* ACTIVITY
Look in the data below for the line that has "Certified 2025 INFINITI QX60 Luxe image 16", then print exactly every line from there through the line that has "Iridescent Pearl Tricoat", leaving pictures out.

* SUPPLIED RECORDS
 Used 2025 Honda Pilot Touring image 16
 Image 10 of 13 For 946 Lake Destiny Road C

==

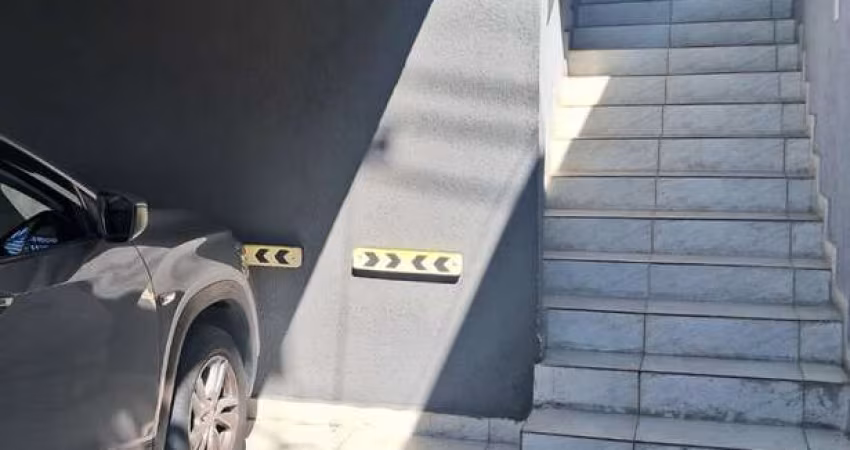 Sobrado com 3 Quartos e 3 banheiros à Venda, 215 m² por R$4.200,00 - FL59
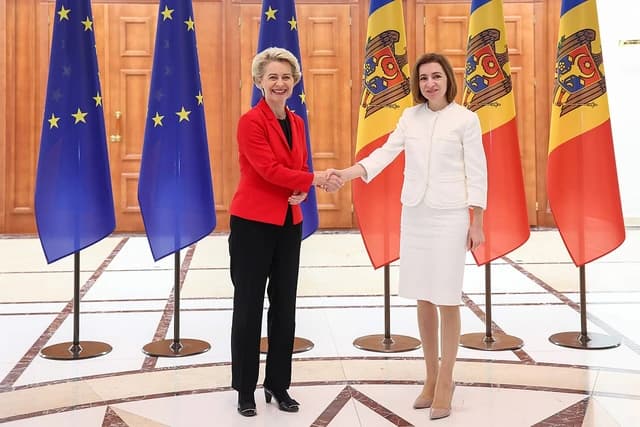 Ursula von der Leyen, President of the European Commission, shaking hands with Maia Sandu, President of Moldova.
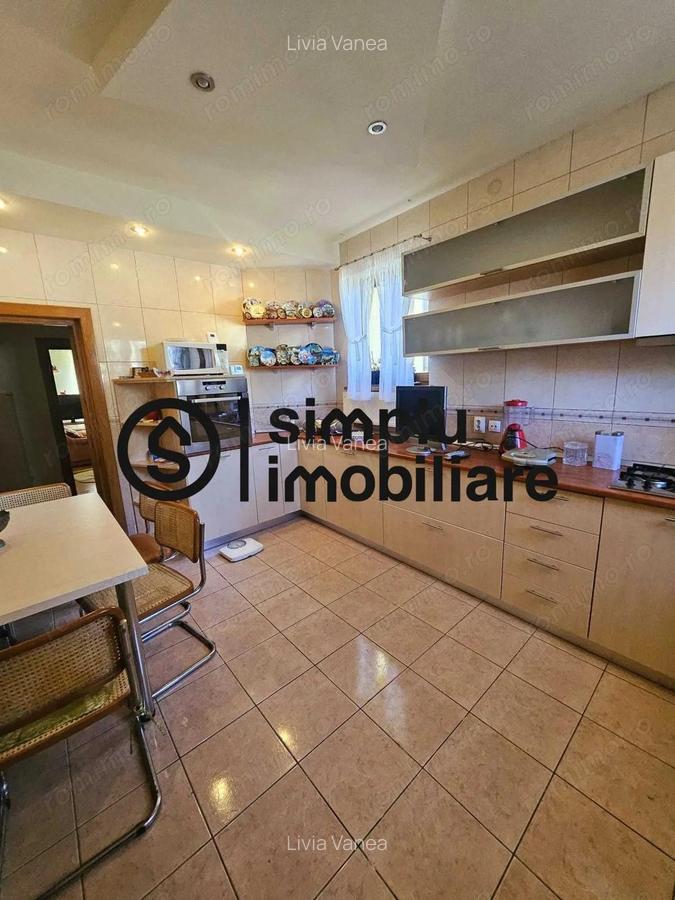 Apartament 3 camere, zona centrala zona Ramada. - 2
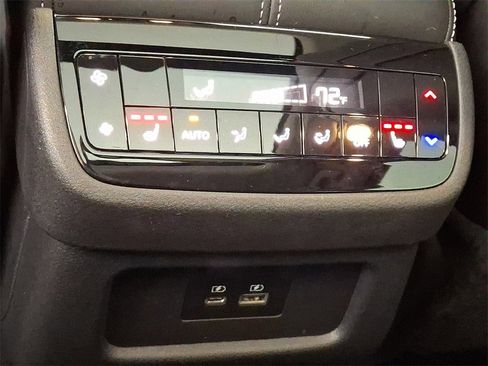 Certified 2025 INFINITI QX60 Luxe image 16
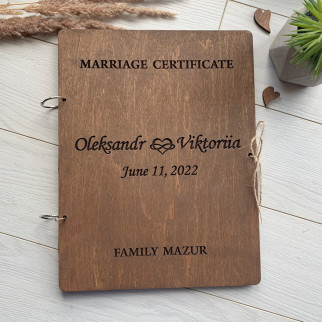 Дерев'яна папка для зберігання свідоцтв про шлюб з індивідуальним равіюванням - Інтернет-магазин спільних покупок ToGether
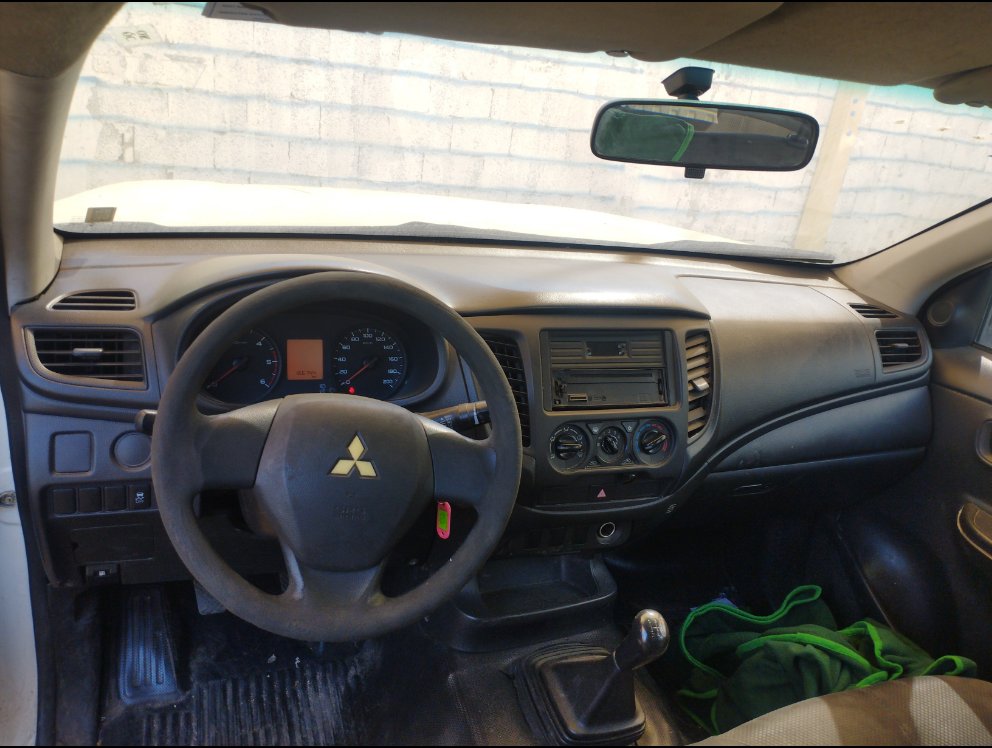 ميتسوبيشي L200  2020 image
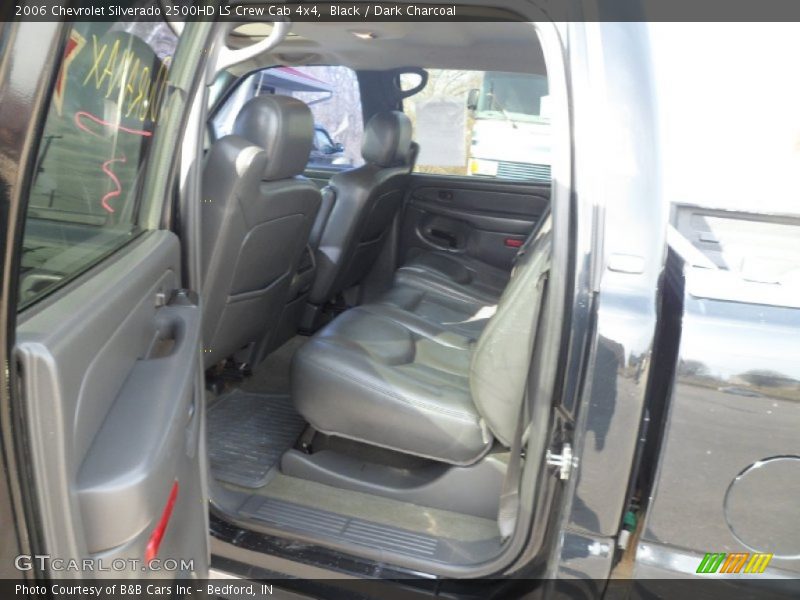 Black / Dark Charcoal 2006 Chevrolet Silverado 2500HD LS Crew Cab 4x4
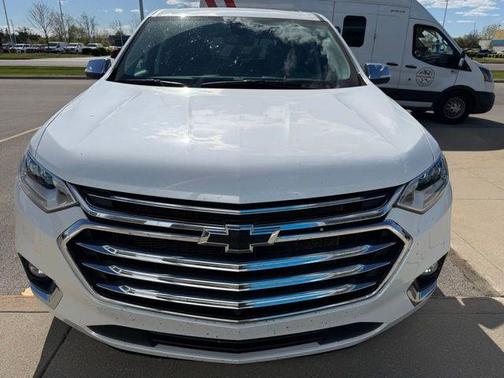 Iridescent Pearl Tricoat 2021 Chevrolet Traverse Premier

* TASK RESULT
 Certified 2025 INFINITI QX60 Luxe image 16
 Дерев'яна папка для зберігання свідоцтв про шлюб з індивідуальним равіюванням - Інтернет-магазин спільних покупок ToGether
 ميتسوبيشي L200  2020 image
 Black / Dark Charcoal 2006 Chevrolet Silverado 2500HD LS Crew Cab 4x4
 Iridescent Pearl Tricoat 2021 Chevrolet Traverse Premier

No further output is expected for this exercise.